Winnipeg Free Press - ONLINE EDITION
Newspaper orphans can do just fine
This week has brought another spate of items in the news predicting the death of daily newspapers.
I’ve gotten used to these over the years. Such predictions have long been a favourite of online commentators, who gleefully predict people will be reading only them in the future.
The main thing such writers have in common – apart from massive use of self-serving arguments -- is that they have little knowledge of the complex nature of newspaper business models or of how these models are being transformed. Attend a newspaper conference these days and you will be overwhelmed by the sheer number of new ideas being developed around the globe.
Admittedly, I was a bit alarmed to see David Carr, the respected media columnist for the New York Times, write a piece headlined: "Print Is Down, and Now Out."

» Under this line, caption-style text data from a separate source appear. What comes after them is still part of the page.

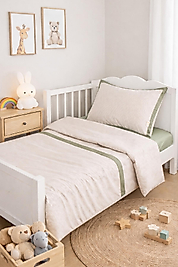 %100 Pamuk Yeşil Biyeli Nevresim Takımı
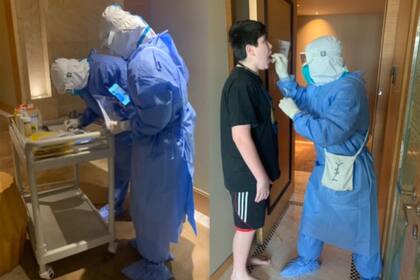 Un equipo médico les realizaba los chequeos, en la habitación del hotel, durante los 14 días de cuarentena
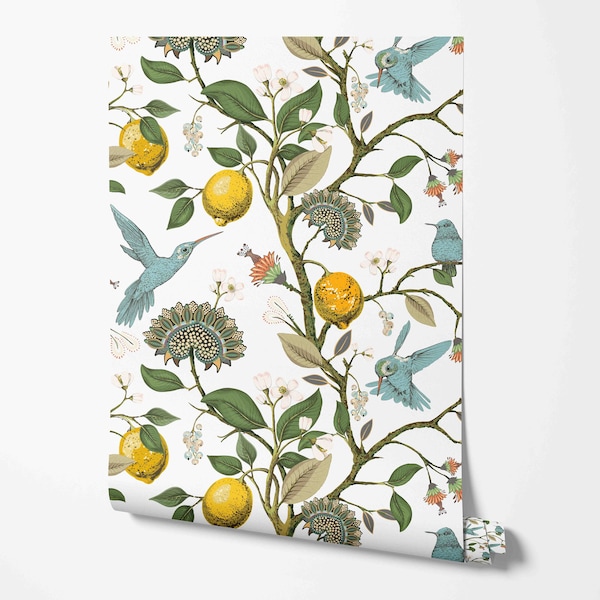 Hummingbird & Lemons Peel and Stick Wallpaper - Removable Self Adhesive Wallcovering - Birds Pattern Wall Murals by Green Planet Print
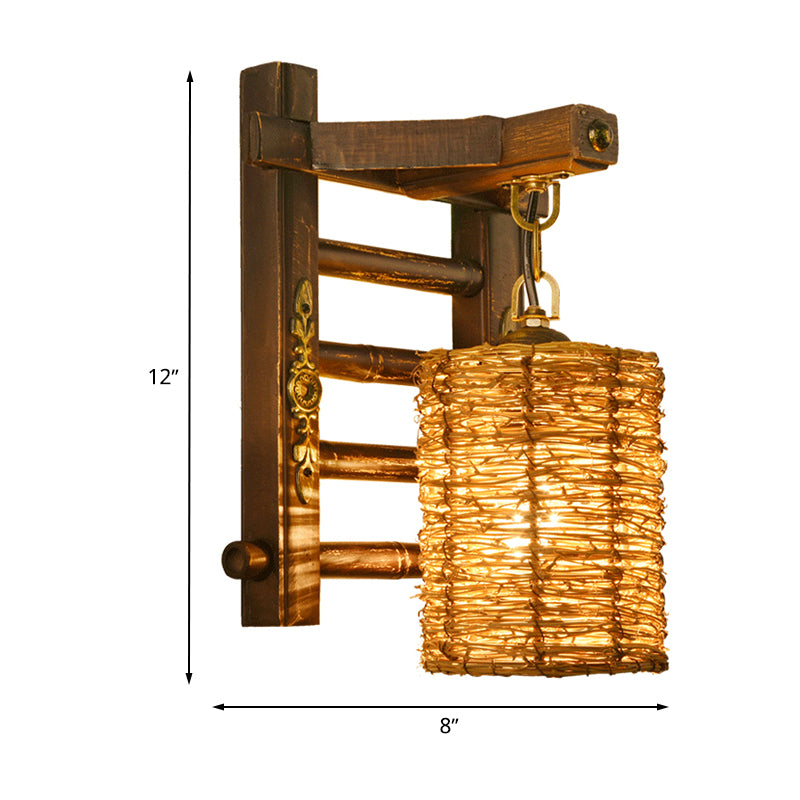 Hand-Woven Rattan Wall Light Fixture Lodge Style 1-Head Brown Sconce Lighting for Bedside, A/B Clearhalo 'Wall Lamps & Sconces' 'Wall Lights' Lighting' 616646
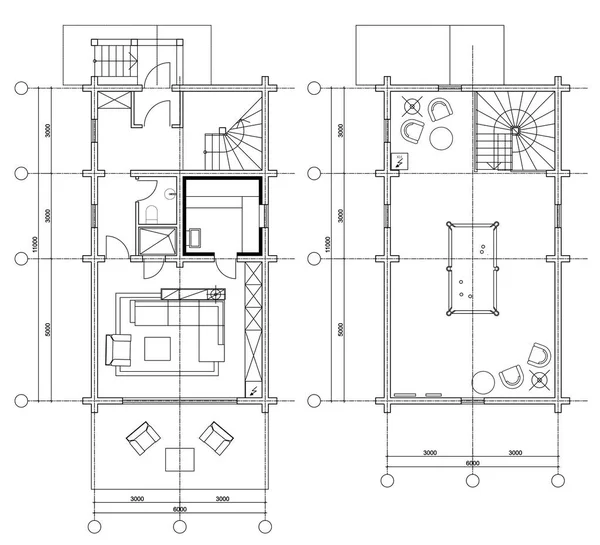 Standard-Möbelsymbole in der Architektur — Stockvektor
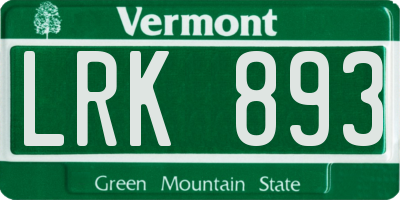 VT license plate LRK893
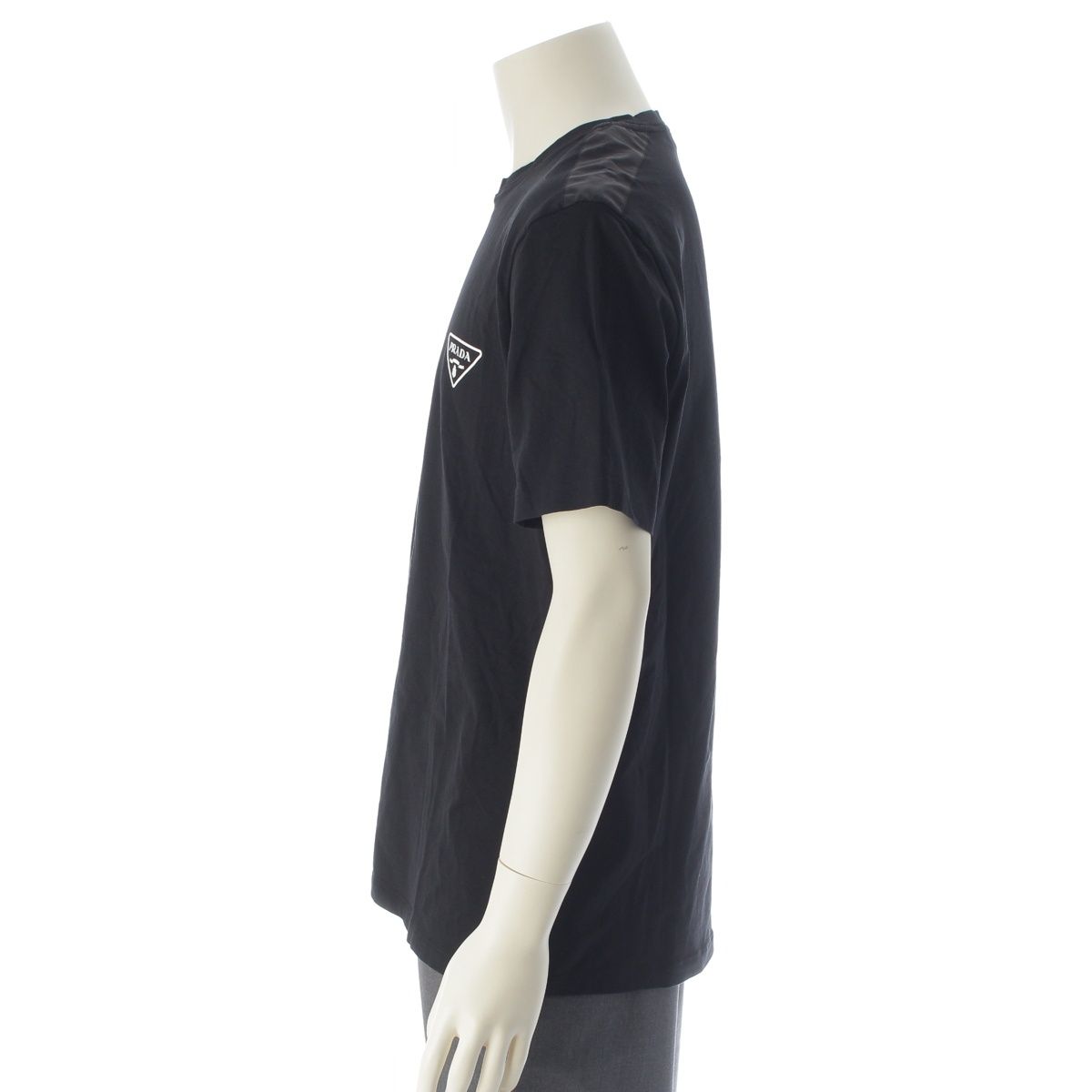 Prada Nylon Trim Triangle Logo Short Sleeve T-Shirt Black XXL — view 3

Carr and others were commenting on a recent series of moves by large American media firms to spin off their newspapers into independent companies, separate from their more lucrative TV and digital properties.
Thus orphaned, so the thinking goes, these newspaper companies will wither and die.
Well, I have a message for the spun off newspaper firms: "Welcome to the orphans’ club!"
The Winnipeg Free Press was an orphan in 2001 when it was sold by the Thomson Corp., which was divesting itself of its newspapers to focus on electronic information services.
Ron Stern and Bob Silver had confidence in the newspaper’s future and purchased the Free Press and sister paper the Brandon Sun. In 2002, 49 per cent of the company was made into a publicly traded entity, which is now known as FP Newspapers Inc. Ron Stern remains the majority owner of the company.
Over almost 13 years, FP has performed steadily as it has adapted to what are undeniably challenging and changing times for newspapers.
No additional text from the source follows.